Widzieliśmy już wiele takich projektów, jak Skody Superb podkręcone do 700 koni mechanicznych. Dla wielu jednak im starszy samochód, tym lepszy. A ten na poniższych zdjęciach nie jest idealnym sleeperem, bowiem to Opel z literami OPC w oznaczeniu.
Pierwsza generacja Astry OPC nie miała jednak reputacji jakieś kosmicznej armaty. Samochód miał pod maską 2-litrowy silnik, a dopiero w 2002 roku pojawiła się wersja z turbodoładowaniem. Generowała ona 200 koni mechanicznych, które dzisiaj nie zrobią na nikim wrażenia. Jednakże, w połączeniu z niską masą 1250 kg samochód nie jeździł wcale najgorzej.
Gigantyczna moc na poziomie BMW czy Porsche
Silniki te jednak miały dość znaczą rezerwę i wielu entuzjastów tego samochodu decydowało się na jej uwolnienie. Oryginalnie Opel Astra OPC rozpędzał się od 0 d o100 km/h w 7,5 sekundy, a maksymalna prędkość wynosiła 240 km/h. Ten konkretny egzemplarz jest jednak dużo, dużo szybszy.
Jednostka tej Astry została naprawdę bardzo mocno przerobiona. Właściciel pisze o kutych tłokach, lepszym chłodzeniu, sztywniejszych zaworach, czy nowych wtryskiwaczach. Jest też większe turbo, nowe ssanie, wydech, elektronika kontrolna, czy bardziej trwałe sprzęgło. Wynik to 412 koni mechanicznych i aż 481 Nm momentu obrotowego. A samochód wciąż waży około 1250 kg.
Z opisu aukcji nie dowiadujemy się, w ile Opel przyspiesza do setki, ale wynik 9 sekund od 100 km/h do 200 km/h robi gigantyczne wrażenie.
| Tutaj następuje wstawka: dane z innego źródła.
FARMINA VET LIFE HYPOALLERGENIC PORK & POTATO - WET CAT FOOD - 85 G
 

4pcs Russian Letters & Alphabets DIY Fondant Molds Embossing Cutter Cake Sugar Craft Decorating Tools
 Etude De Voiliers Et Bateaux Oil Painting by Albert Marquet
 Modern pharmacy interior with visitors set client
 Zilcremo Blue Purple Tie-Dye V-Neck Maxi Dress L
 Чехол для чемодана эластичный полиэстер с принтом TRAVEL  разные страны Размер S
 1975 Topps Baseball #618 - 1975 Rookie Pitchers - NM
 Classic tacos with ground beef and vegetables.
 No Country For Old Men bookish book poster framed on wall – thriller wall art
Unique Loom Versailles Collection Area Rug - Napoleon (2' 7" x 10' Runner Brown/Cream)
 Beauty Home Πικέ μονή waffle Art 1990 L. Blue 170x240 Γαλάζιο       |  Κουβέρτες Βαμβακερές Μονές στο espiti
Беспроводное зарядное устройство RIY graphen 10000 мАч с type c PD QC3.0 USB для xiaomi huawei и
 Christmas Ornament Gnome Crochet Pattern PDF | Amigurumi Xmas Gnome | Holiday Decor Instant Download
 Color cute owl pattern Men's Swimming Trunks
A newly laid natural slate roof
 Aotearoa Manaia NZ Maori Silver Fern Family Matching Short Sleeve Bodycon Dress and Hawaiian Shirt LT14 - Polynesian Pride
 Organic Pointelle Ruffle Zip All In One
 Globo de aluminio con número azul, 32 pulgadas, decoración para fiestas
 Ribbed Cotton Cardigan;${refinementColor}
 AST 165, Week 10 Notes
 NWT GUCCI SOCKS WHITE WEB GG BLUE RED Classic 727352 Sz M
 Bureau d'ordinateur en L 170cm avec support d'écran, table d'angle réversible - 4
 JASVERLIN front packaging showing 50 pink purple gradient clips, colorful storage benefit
To czas na poziomie BMW M3 F80, czy Porsche 911 GT3 991. To po prostu dynamika, jaką mogą poszczycić się super sportowe samochody. Czy jednak ten Opel to będzie dobry zakup? To zostawiamy już wam. Z pewnością wiąże się z dużym ryzykiem, ale też dużą dawką zabawy i frajdy.